## TASK PROMPT
Write out every line exactly, from the start of the records below to the line with "2017 Hyundai Accent Value Edition FWD photo", and stop there. Don't write out the pictures.

== DATASET RECORDS ==

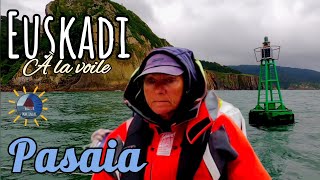 Pasaia Euskadi à la voile VoilierMartineke 4K [upl. by Hecklau]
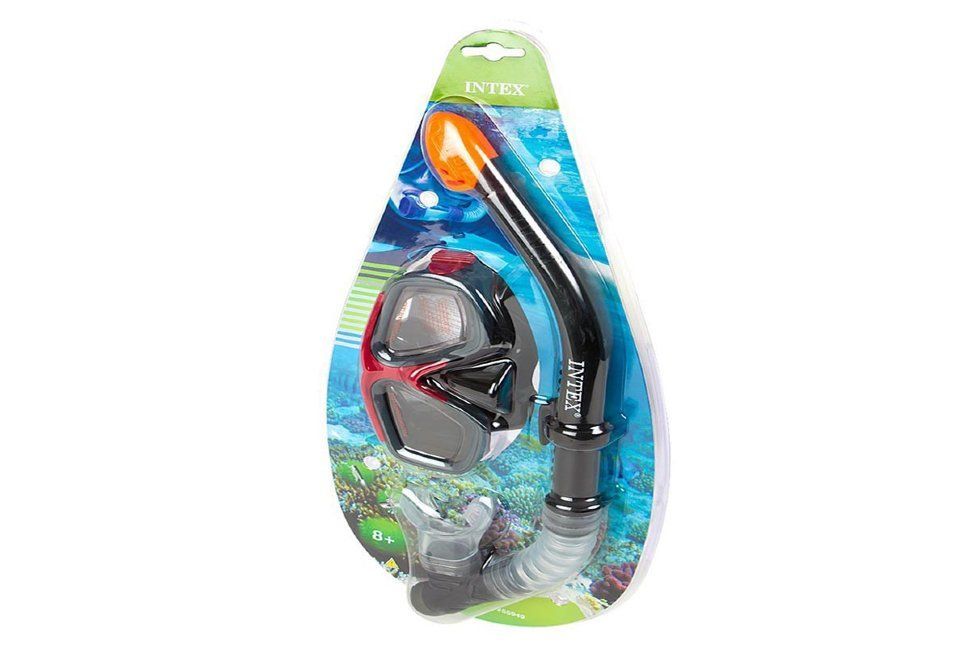 Фотографии Набор маска, трубка Surf Rider Intex 55949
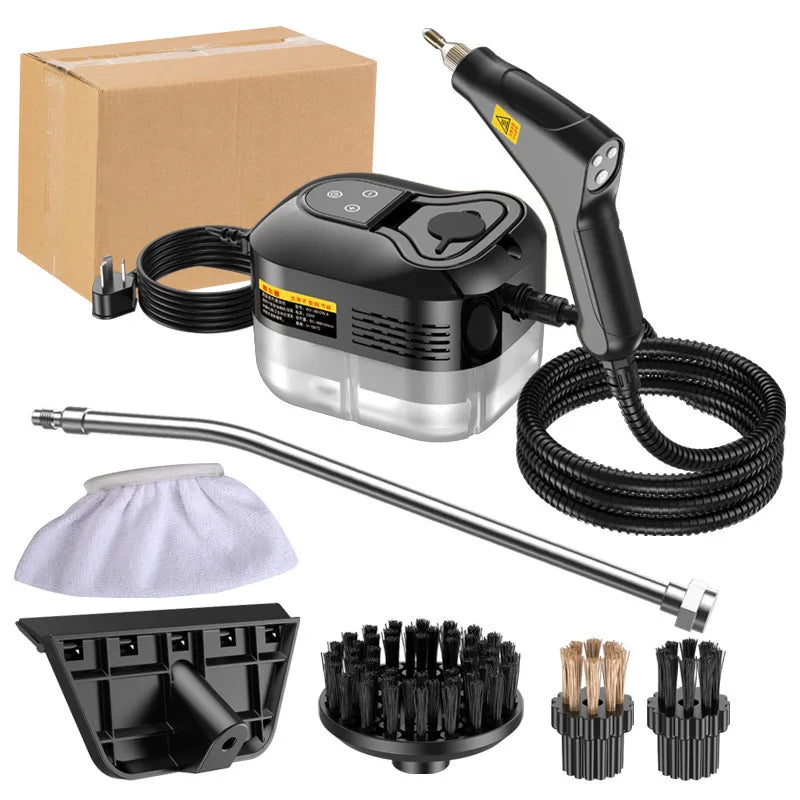 220V Pressure Handheld High Steam Cleaners Air Conditioners Kitchen Hood Car 2500W Steam Clean Floor Steam Cleaning Tool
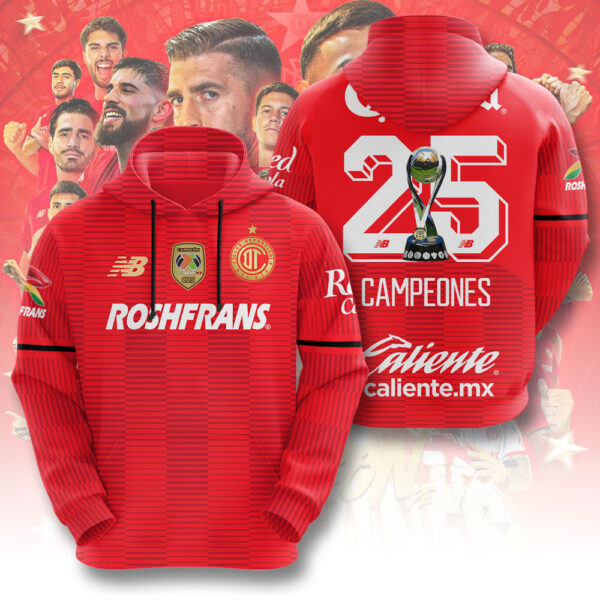 Deportivo Toluca FC 3D Apparel - GNE 4046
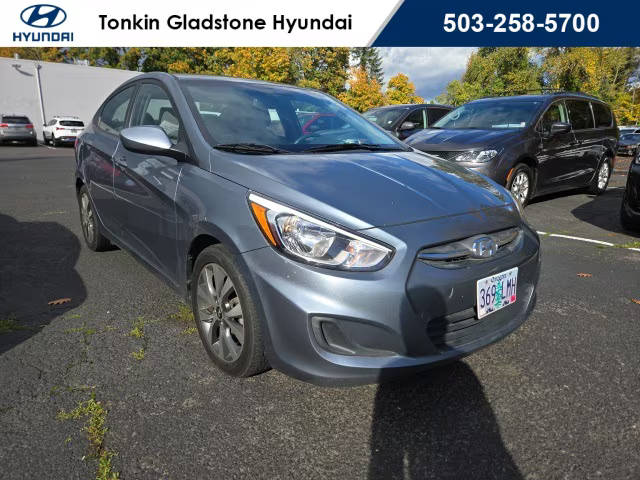 2017 Hyundai Accent Value Edition FWD photo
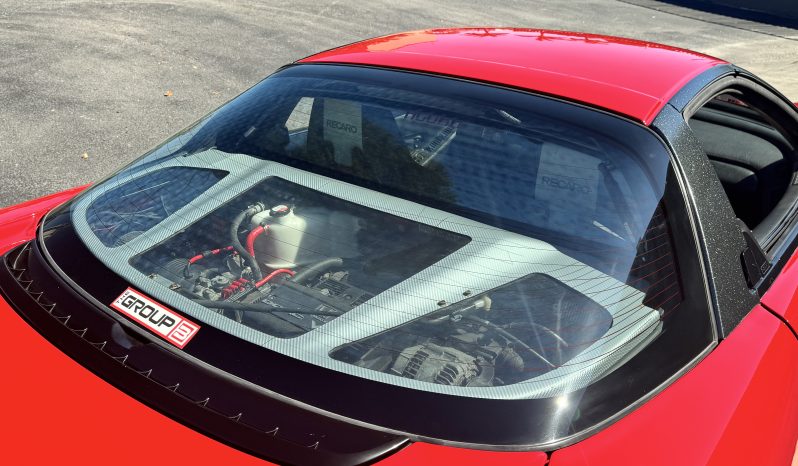 
 1991 Acura NSX ROUTE KS Widebody – 6 Speed Manual – Recaro full									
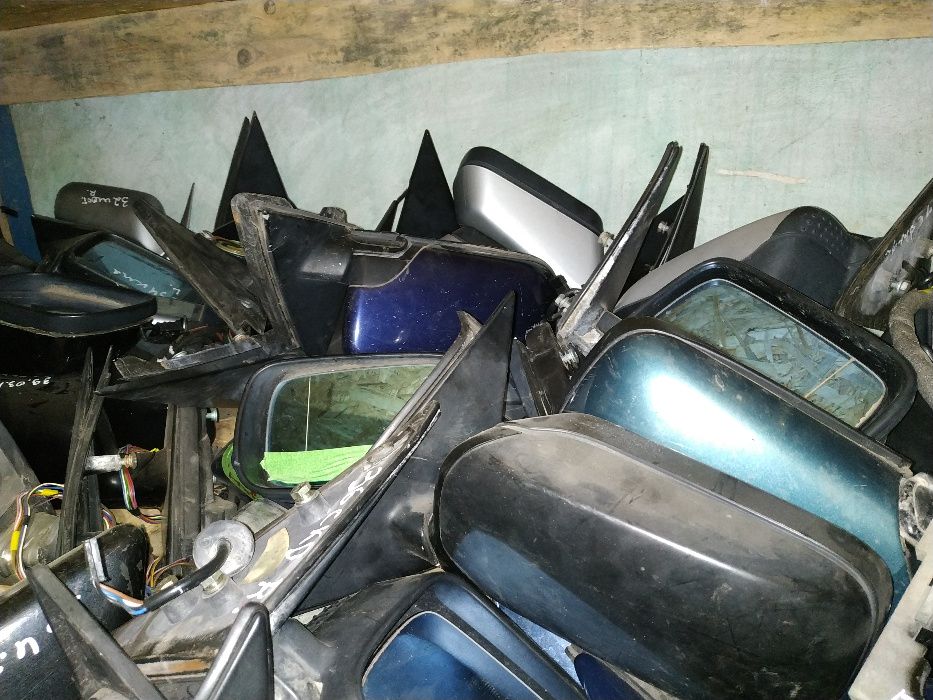 Зеркало BMW Е32 Е34 Е36  Е39 Е46 Е70 Ф10  Ф30 Ф48 Разборка BMW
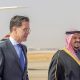 Dutch PM Mark Rutte in Riyadh on official visit, talks to involve Gaza crisis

===

## RESULT OF THE EXERCISE
 Pasaia Euskadi à la voile VoilierMartineke 4K [upl. by Hecklau]
 Фотографии Набор маска, трубка Surf Rider Intex 55949
 220V Pressure Handheld High Steam Cleaners Air Conditioners Kitchen Hood Car 2500W Steam Clean Floor Steam Cleaning Tool
 Deportivo Toluca FC 3D Apparel - GNE 4046
 2017 Hyundai Accent Value Edition FWD photo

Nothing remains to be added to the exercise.